それでもです。いつでも誠心誠意、いつでも今以上の仕事をしようと考えているトップクリエイター(個人)の意気込みをも超えるような会社員はほとんどいないでしょう。

 

「あぁ、今日は早く帰りたいなぁ」「だりぃ」「飲みにいこうぜ」…そういった気持が勝った時、会社員は何とか適当にでもこの場は終わらせて、とっとと退社したい、という気持ちになるはずです。定時までは仕事の鬼だったとしても、時間外になれば開放されるのが会社員の仕事なのですから、ある意味これは正しいのです。

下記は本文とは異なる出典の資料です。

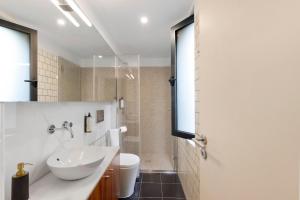 a white bathroom with a sink and a toilet at Orange Apartments A in Porto +16 photos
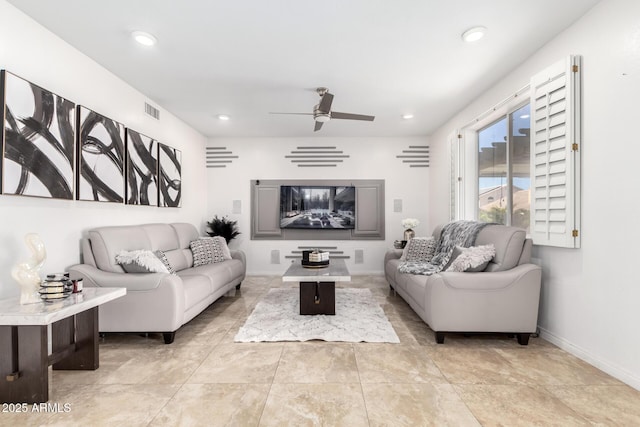 living room featuring ceiling fan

でもトップクリエイターは違います。自分が納得出来なければ24時間365(366)日働いてでも自分が納得できる仕事をしようとします。好きなことをやってるんだから良いじゃん、と言う人もいるかも知れませんが、それはその過酷さを知らないからのほほんと言えるのでしょう。

 

逆に(これが一番問題かもしれませんが)トップクリエイターは、会社員も自分と同じくらい仕事に傾注していると信じているのではないでしょうか。仕事に真摯に向き合い、自分の実力以上のものを毎回出そうと必死になっている。それが仕事なんだから、出版社の編集もテレビ局のプロデューサーも同じなんだ。そんなふうに思ってしまっているように感じられます。

 

私はその両者の認識の違いが重なった結果が今回の悲劇に繋がっているように感じます。出版社やテレビ局の体制を改善していくことは一番大事なことだとは思います。でも実は、漫画家や脚本家も企業の社員の考え方をしっかり認識していないと、過剰な期待を持ってしまうのではないか。クリエイターたちの意識改革もどこかで必要になるような気がしてしょうがありません。

 

人は相手のことを信じ、期待してしまうものです。そして期待を裏切られた時に深い絶望を感じる。企業と個人が手を携えて仕事をする時、その温度差を理解することが絶望の度合いを軽減するためには必要なのではないでしょうか。

 

 

最後に一つ。今回の件で、「セクシー田中さん」の続きを読めなくなってしまった愛読者の皆さんの悲しみはとても大きい。遺族の方たちや近親者はもちろん、多くの愛読者たちの悲しみを背負って関係者の皆さんには誠実な対応をお願いしたいと思います。